Aug. 3rd, 2019

highlyeccentric: A photo of myself, around 3, "reading" a Miffy book (Read Miffy!)
Currently Reading:
Fiction: I've just started Outlander (aka 'Cross Stitch', but my e-book is a retitled show-tie-in). So far I'm intrigued, but a little *harrumph* at the fact that Our Heroine is quite deliberately set up as having the skills (gained on-the-job by assisting her uncle) to rival her archaeologist husband, a professor, but at the same time her narration keeps telling you that she's uninterested in history and not very clever. You could do his job *for* him, lady.
I also started Les Trois Mousquetaires, which is still a bit beyond my French capacity, but as both original and the most common translation are out of copyright, I'm tabbing back and forth between two Gutenberg ePubs, hoping to make sense of it.
Lit Mag: Partway into The Lifted Brow 41
Poetry: Being that I have consumed All Of Good Omens and then All Of The Good Omens Fanfic, the logical follow-up is Milton. Being that my attempts to read Paradise lost as words on a page have failed multiple times, I have succumbed to the inevitable and subscribed to Anthony Oliviera's patreon-funded podcast 'The Devil's Party'. So far I am loving it, and although I was initially suspicious of his reading of the first line, turns out it is I who do not know my Virgil (big surprise there).
Academic: Also on the list of 'long delayed inevitables', I started Montaigne's essay 'On Friendship'. In English, although I think I'll have to go read it in French, just to tease out the specific terms he's using.
Other non-fiction: Zip and zilch.

Recently Finished:

Incidents in the Life of a Slave GirlIncidents in the Life of a Slave Girl by Harriet Ann Jacobs

My rating: 5 of 5 stars


As well as being a very important primary source, this text exhibits Jacobs' real flair for storytelling, sensitivity to human character and foibles (without making *excuses* for slaveholders, she shows a keen understanding of the social variables that create differences in behaviour and conduct among them; and her attention to the different priorities and values among both enslaved and free black people is even sharper). Perhaps the only part that truly astonished me was her journey to Britain, which she paints as a land free of racial discrimination: big major LOLS there. I rather doubt she thought so; more likely, her abolitionist agenda was served by accentuating the ways in which Britain was *somewhat less terrible* at the time - especially as she's explicitly addressing white liberals throughout, leaning on their built-in admiration of European tradition would be logical.

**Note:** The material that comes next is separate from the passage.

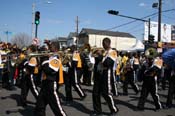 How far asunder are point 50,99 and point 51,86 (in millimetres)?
293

I also finished Germano's From PhD To Book, which was equal thirds usefully reassuring, terrifying, and laughably out of date.

Online Fiction

Nell Hanley (Electric Lit), The First Day of What Remained for Tedman Ward, in which a sad man meets a giant on a beach. I was intrigued but didn't love-love this.

Podcast: I resumed listening to 'Unwell', which is still A Good.

Up Next:

Well, I've got Banana Fish and a book on Arthurian romance, in hard copy; and I just bought Roxanne Gay's 'Difficult Women', and AJ Demas' latest (which, unlike their previous, isn't an Amazon exclusive! I do not wish to pay money to Amazon!). We'll see what I end up actually reading, in the next twelve days or so of travel.